TASK: The material below holds pictures, which are to be left out; copy exactly the lines from the one with "2801 Somerset Drive, Lauderdale" through the one with "Au Bord Du Lac Därligen Buitenkant foto".

SUPPLIED INFORMATION:
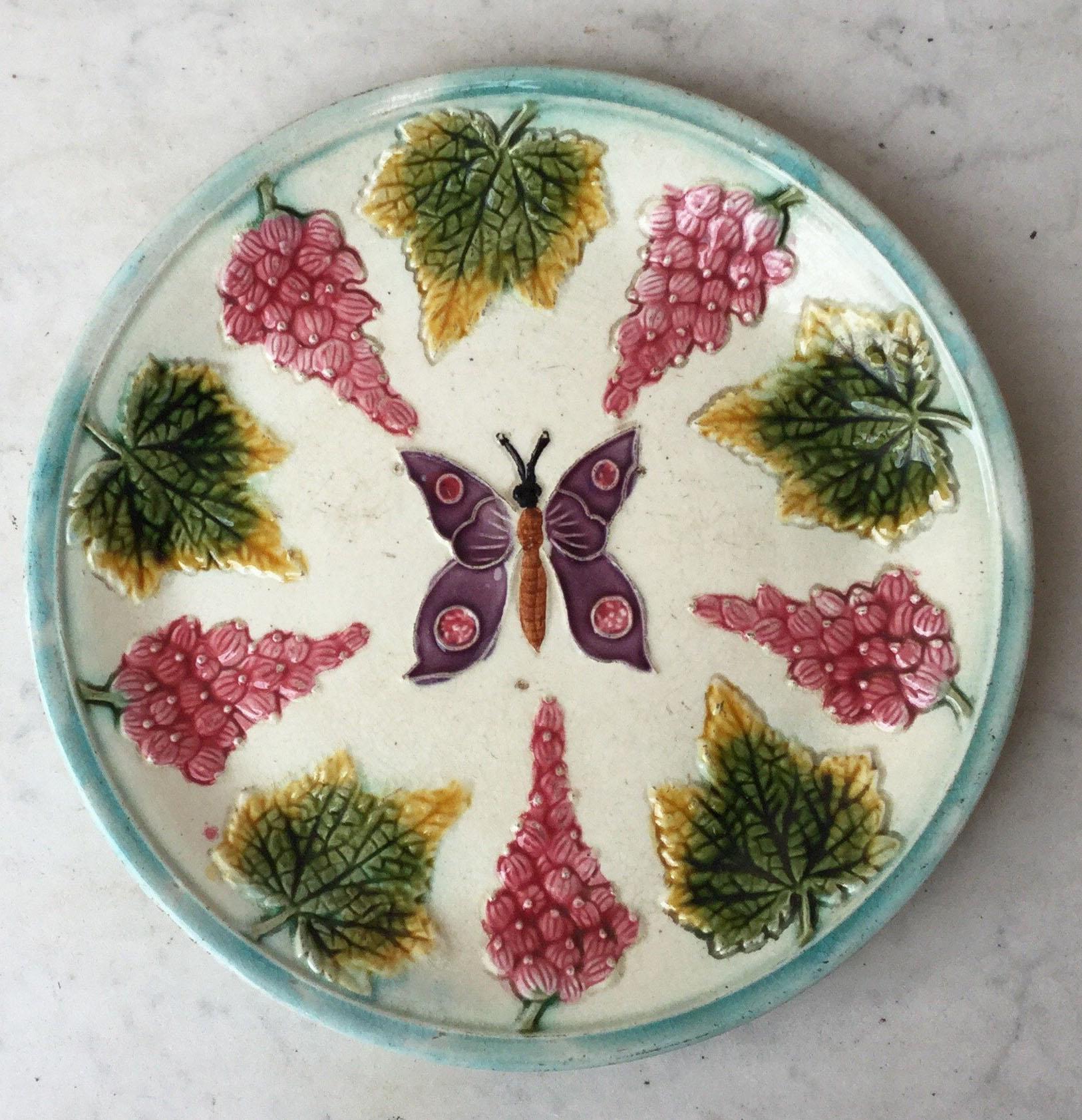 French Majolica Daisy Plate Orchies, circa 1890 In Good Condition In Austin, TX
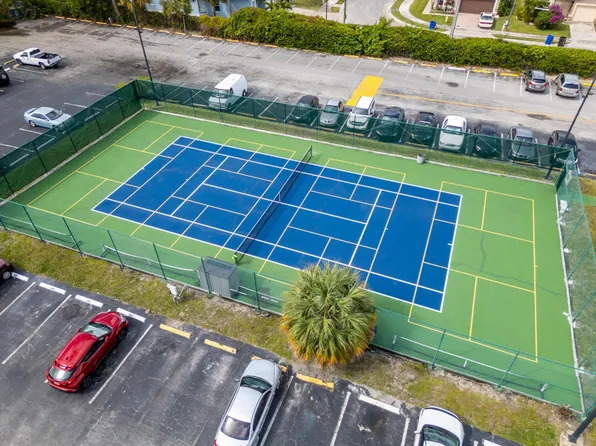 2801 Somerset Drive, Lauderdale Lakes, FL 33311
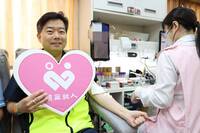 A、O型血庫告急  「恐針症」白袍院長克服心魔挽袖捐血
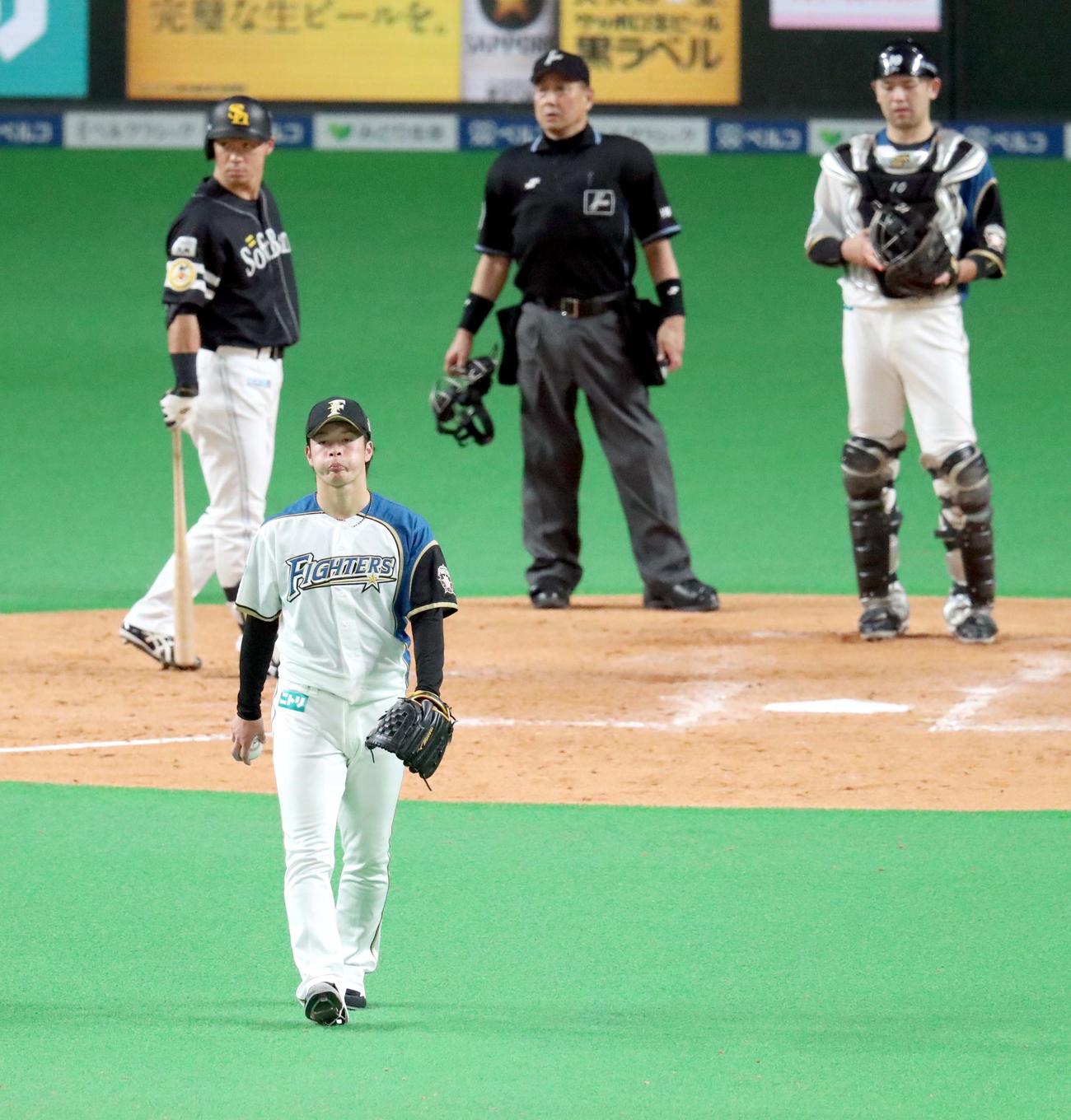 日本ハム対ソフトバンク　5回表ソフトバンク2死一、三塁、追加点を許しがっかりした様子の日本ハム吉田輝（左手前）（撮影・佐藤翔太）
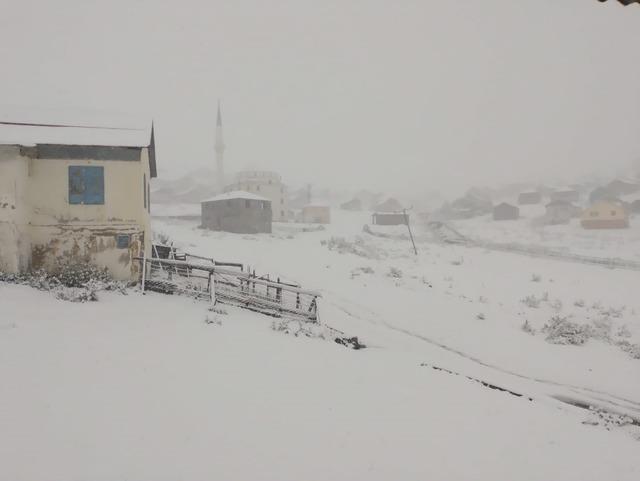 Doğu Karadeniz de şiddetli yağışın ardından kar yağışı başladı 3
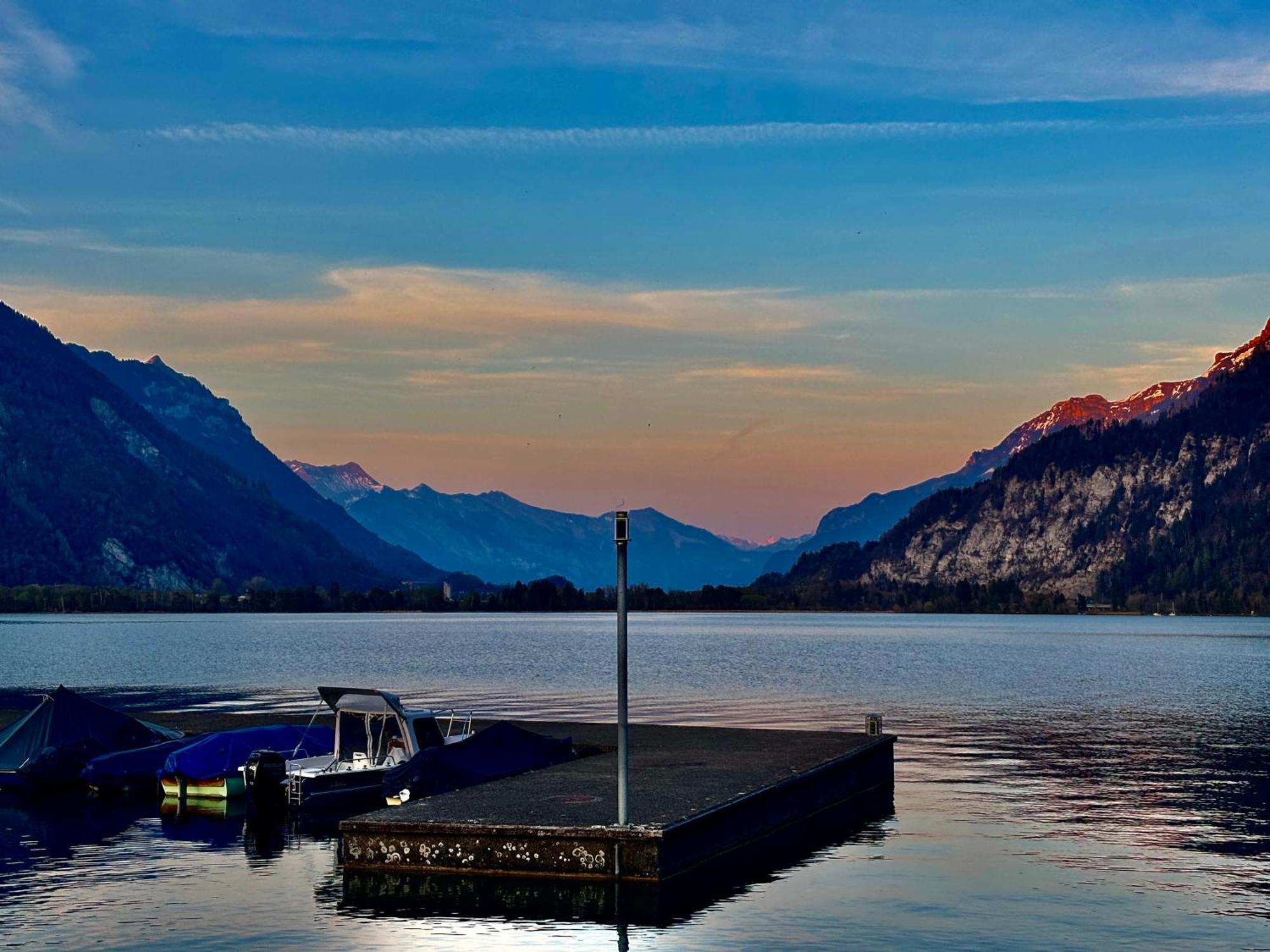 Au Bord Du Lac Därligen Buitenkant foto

---

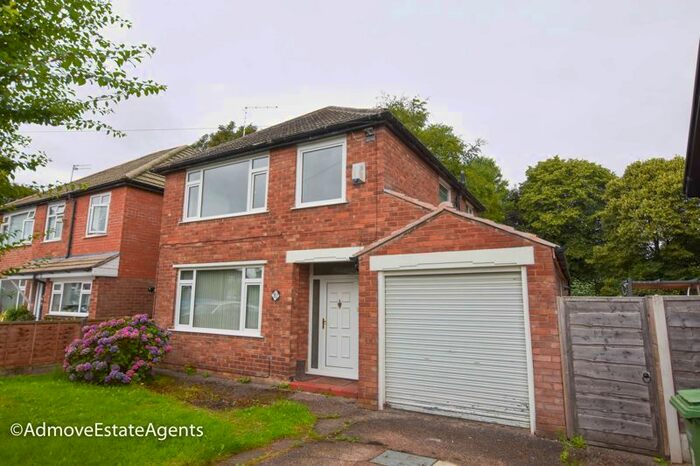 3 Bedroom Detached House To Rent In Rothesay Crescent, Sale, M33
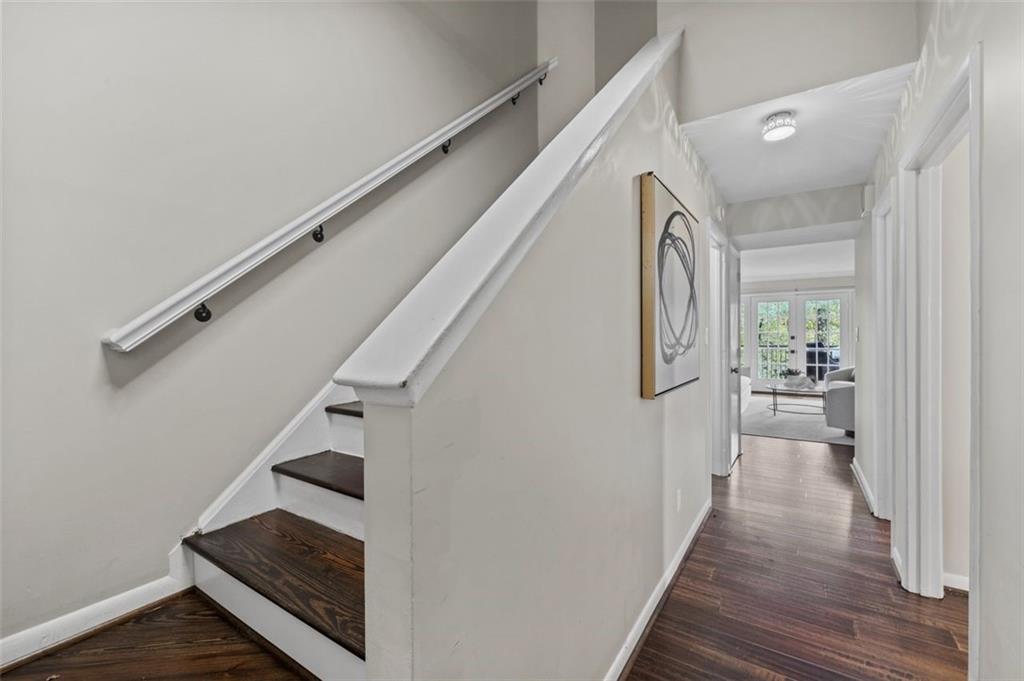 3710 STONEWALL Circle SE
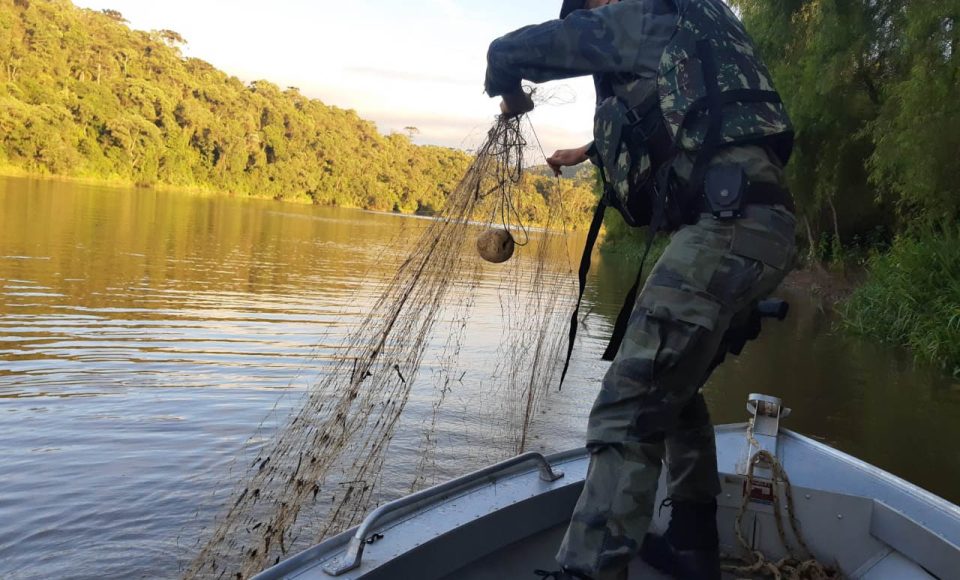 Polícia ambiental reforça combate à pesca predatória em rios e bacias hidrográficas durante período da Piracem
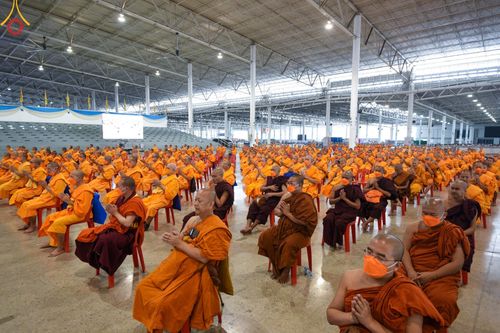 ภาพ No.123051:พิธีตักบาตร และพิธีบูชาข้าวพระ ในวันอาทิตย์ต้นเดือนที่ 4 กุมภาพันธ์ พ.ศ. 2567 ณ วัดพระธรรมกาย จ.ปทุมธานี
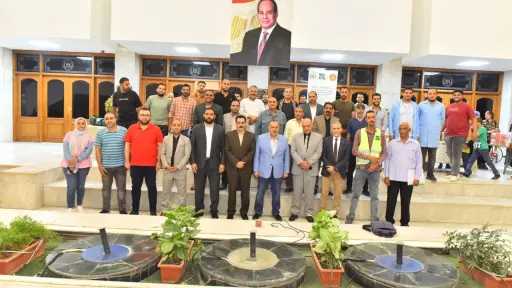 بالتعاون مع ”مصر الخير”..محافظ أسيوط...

WRITTEN RESPONSE:
 2801 Somerset Drive, Lauderdale Lakes, FL 33311
 A、O型血庫告急  「恐針症」白袍院長克服心魔挽袖捐血
 日本ハム対ソフトバンク　5回表ソフトバンク2死一、三塁、追加点を許しがっかりした様子の日本ハム吉田輝（左手前）（撮影・佐藤翔太）
 Doğu Karadeniz de şiddetli yağışın ardından kar yağışı başladı 3
 Au Bord Du Lac Därligen Buitenkant foto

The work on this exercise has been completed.